Work to be completed: Repeat precisely the span of lines below that opens with the line containing "编号：92609805022" and closes with the line containing "PALAZZO alabaster pendant light, front view", both included.
[[ Provided entries, beginning ]]
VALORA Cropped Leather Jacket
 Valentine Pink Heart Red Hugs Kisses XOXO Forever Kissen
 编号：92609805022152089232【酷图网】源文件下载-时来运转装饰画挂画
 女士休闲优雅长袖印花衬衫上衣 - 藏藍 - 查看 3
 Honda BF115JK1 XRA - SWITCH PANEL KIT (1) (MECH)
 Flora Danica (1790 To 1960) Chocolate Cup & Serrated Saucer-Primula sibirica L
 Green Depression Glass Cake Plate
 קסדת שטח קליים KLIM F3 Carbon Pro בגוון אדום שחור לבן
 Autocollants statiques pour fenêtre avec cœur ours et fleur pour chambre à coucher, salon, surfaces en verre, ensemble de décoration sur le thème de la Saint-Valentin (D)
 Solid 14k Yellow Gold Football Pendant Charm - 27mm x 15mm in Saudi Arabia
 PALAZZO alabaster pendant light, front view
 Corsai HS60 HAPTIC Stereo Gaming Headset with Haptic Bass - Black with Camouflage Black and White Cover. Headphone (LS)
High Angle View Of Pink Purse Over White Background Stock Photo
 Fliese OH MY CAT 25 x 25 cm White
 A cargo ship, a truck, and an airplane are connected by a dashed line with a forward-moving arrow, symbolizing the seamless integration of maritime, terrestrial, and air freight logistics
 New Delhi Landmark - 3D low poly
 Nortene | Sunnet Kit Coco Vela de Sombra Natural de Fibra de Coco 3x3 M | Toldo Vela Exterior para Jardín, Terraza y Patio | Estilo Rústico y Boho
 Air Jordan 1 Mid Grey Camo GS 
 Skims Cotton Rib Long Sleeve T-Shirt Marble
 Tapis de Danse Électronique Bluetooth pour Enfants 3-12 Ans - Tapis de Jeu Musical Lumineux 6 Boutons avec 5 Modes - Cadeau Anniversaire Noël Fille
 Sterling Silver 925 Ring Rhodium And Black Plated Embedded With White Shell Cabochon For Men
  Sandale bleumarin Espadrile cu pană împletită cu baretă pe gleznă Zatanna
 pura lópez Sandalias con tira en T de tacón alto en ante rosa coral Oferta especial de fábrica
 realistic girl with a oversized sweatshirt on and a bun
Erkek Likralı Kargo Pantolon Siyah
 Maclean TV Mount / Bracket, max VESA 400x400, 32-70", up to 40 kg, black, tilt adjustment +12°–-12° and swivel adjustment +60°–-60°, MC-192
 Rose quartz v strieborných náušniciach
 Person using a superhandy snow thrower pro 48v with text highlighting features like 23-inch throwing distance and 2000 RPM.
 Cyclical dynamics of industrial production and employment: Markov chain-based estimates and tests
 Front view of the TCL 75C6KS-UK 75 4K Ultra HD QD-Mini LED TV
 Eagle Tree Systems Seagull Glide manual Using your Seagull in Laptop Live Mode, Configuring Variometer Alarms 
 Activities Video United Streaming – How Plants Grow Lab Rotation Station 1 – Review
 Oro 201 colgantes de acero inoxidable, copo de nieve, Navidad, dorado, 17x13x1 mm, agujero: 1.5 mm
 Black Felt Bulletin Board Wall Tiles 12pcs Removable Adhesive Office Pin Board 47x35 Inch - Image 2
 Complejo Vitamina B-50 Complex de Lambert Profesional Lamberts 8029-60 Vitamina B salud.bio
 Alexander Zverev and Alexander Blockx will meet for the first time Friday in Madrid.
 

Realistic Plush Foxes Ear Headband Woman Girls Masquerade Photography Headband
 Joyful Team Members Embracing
[[ Provided entries, end ]]
Written answer:
 编号：92609805022152089232【酷图网】源文件下载-时来运转装饰画挂画
 女士休闲优雅长袖印花衬衫上衣 - 藏藍 - 查看 3
 Honda BF115JK1 XRA - SWITCH PANEL KIT (1) (MECH)
 Flora Danica (1790 To 1960) Chocolate Cup & Serrated Saucer-Primula sibirica L
 Green Depression Glass Cake Plate
 קסדת שטח קליים KLIM F3 Carbon Pro בגוון אדום שחור לבן
 Autocollants statiques pour fenêtre avec cœur ours et fleur pour chambre à coucher, salon, surfaces en verre, ensemble de décoration sur le thème de la Saint-Valentin (D)
 Solid 14k Yellow Gold Football Pendant Charm - 27mm x 15mm in Saudi Arabia
 PALAZZO alabaster pendant light, front view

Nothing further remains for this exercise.